Si, comme ce fut le cas de la fameuse Naema, elle dérange les autres étudiants par des exigences outrancières, on peut l'expulser du cours comme on expulse un élève indiscipliné qui perturbe systématiquement le déroulement d'une classe. Mais si elle s'assoit au fond de la salle et ne dérange rien ni personne, pourquoi lui refuserait-on le droit élémentaire à l'instruction ou aux cours de français? Veut-on confiner ces pauvres femmes, déjà enfermées dans leur prison de tissu, à l'isolement total sans leur offrir au moins la chance de pouvoir un jour s'intégrer à la société?
Même chose, en pire, pour le droit aux services de santé: ce projet de loi ouvre la porte à la possibilité qu'une femme intégralement voilée soit refusée aux urgences d'un hôpital ou dans un CLSC. Ce serait indigne d'une société civilisée.
Le projet de loi accepte l'idée des accommodements raisonnables, mais seulement s'ils ne heurtent pas le principe de l'égalité des sexes. Encore une aberration. On ne peut pas proscrire des comportements personnels, quand ils sont pacifiques, au nom d'un principe moral qui est forcément subjectif. À ce compte-là, pourquoi ne pas interdire les commerces de danseuses nues, qui transforment les femmes en objets sexuels? Pourquoi ne pas fermer les églises catholiques, où l'on confine les femmes dans des fonctions subalternes puisque la prêtrise leur est interdite?
Ce projet de loi est certes immensément populaire, mais la popularité n'est pas une garantie de justice en matière de libertés fondamentales.
La seconde faille est d'un tout autre ordre, il s'agit ici d'une omission. Comme la ministre de la Justice, Kathleen Weil, semble elle-même y songer, la loi pourrait très bien reprendre la suggestion du rapport Bouchard-Taylor, et interdire le port de tout signe religieux ostentatoire aux détenteurs de l'autorité - juges, procureurs de la Couronne, policiers, gardiens de prison, auxquels il faudrait logiquement ajouter les douaniers (mais ces derniers relèvent du fédéral). Pour ces fonctions, les apparences de la plus stricte neutralité doivent en effet s'imposer.
À vrai dire, une telle interdiction ne ferait que confirmer ce qui se fait déjà dans la pratique - les juges et les policiers s'abstenant d'eux-mêmes d'afficher leur religion.

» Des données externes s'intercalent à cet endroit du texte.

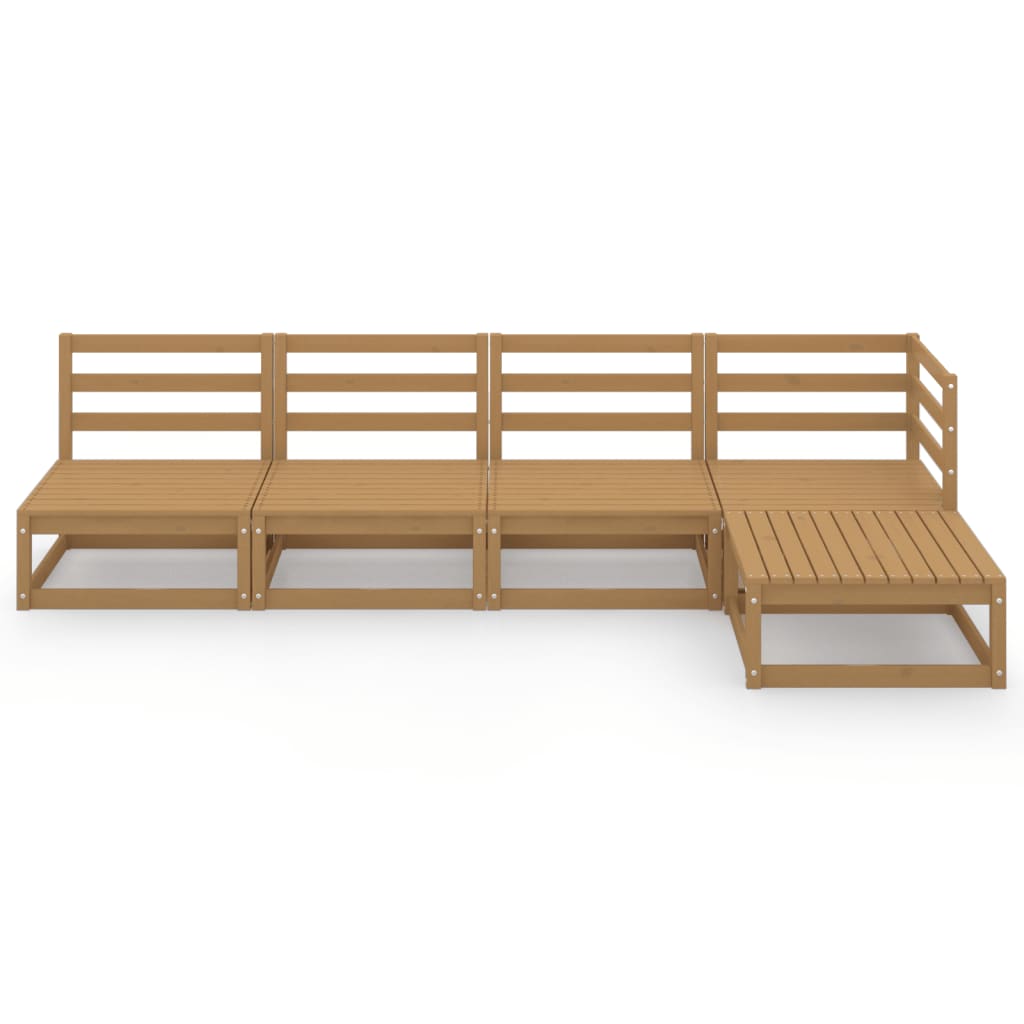 Set mobilier de grădină, 5 piese, maro miere, lemn masiv de pin GartenMobel Dekor
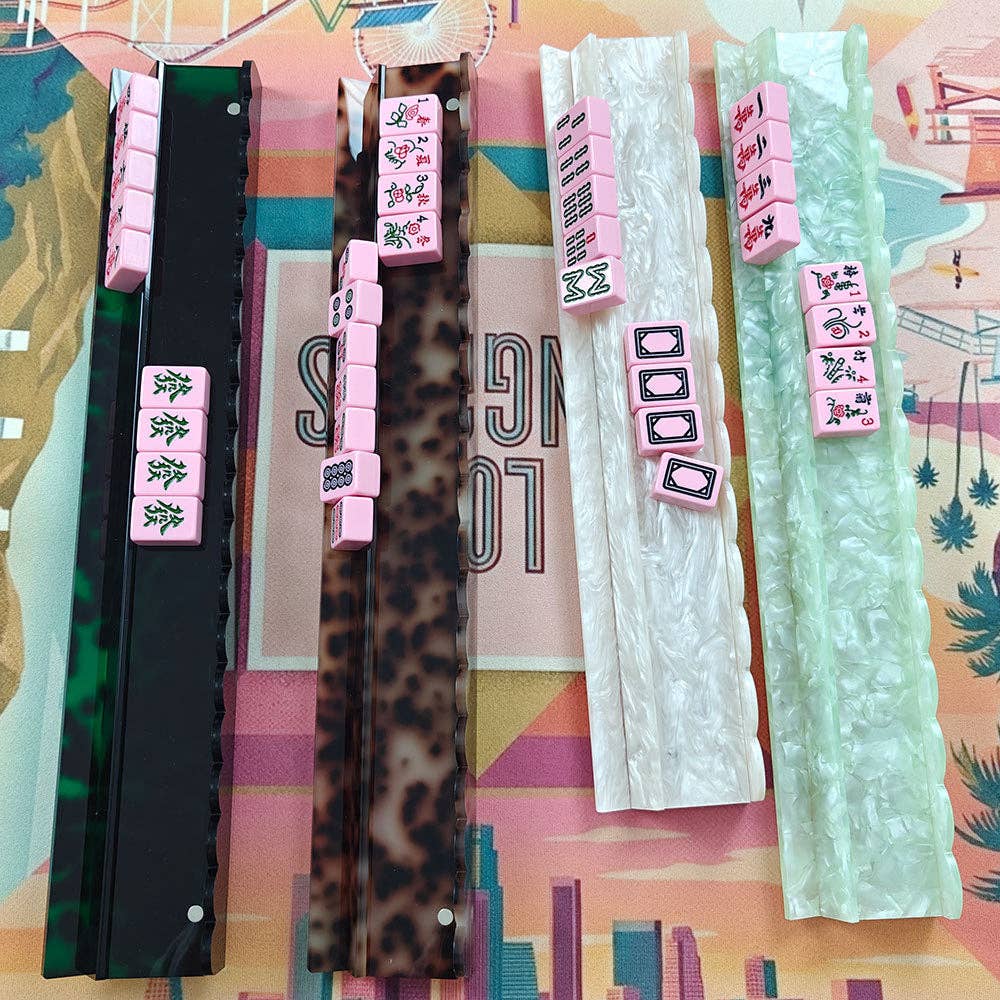 Mahjong Racks Set–20" Acrylic Tile Racks & Pushers: Clear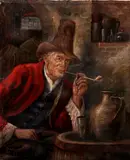 Middeleeuws interieur, man met pijp en kruik, Josef Schnickart (Duitse school 1e helft 20e eeuw), olieverf op linnen, pijprokende man mer kruik en glas 41x34,5cm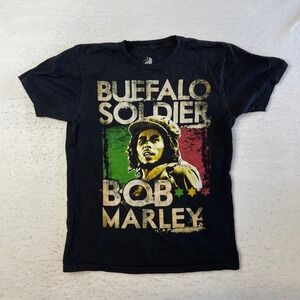 Zion Rootswear Bob Marley Graphic T-Shirt Medium Black Buffalo Soldier Reggae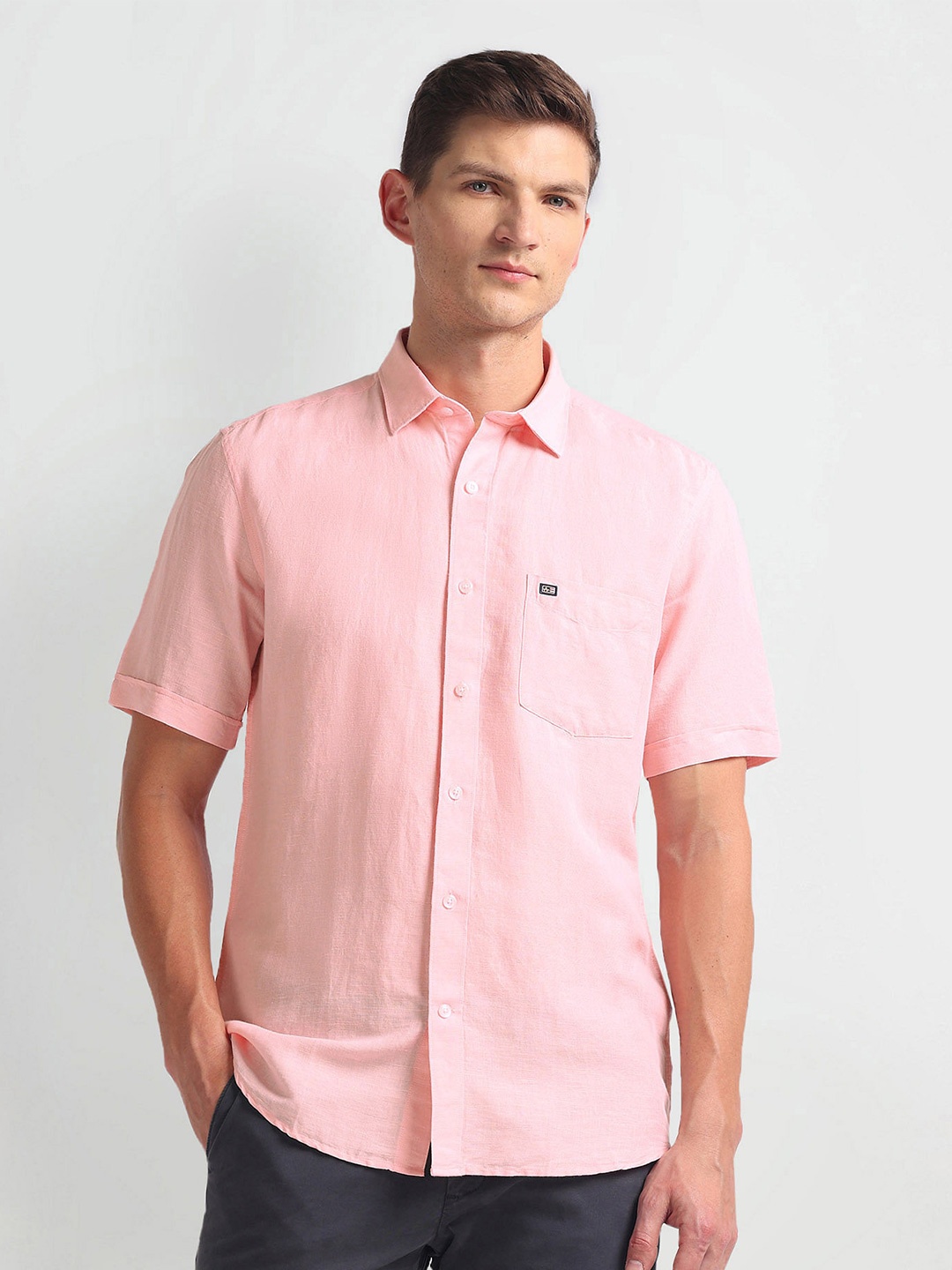 

Arrow Sport Spread Collar Casual Shirt, Pink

Le projet de loi a le mérite d'éviter de stigmatiser nommément les musulmanes intégristes - le texte ne parle ni de niqab, ni de burqa, ni de signes religieux. En principe, la même interdiction pourrait s'appliquer aux porteurs de cagoules... mais à qui fera-t-on croire que cette loi en est une d'intérêt général plutôt qu'une mesure discrétionnaire exclusivement dirigée contre une infime minorité de femmes se réclamant de l'islam? Au fait, combien de femmes intégralement voilées ont-elles sollicité un poste dans la fonction publique?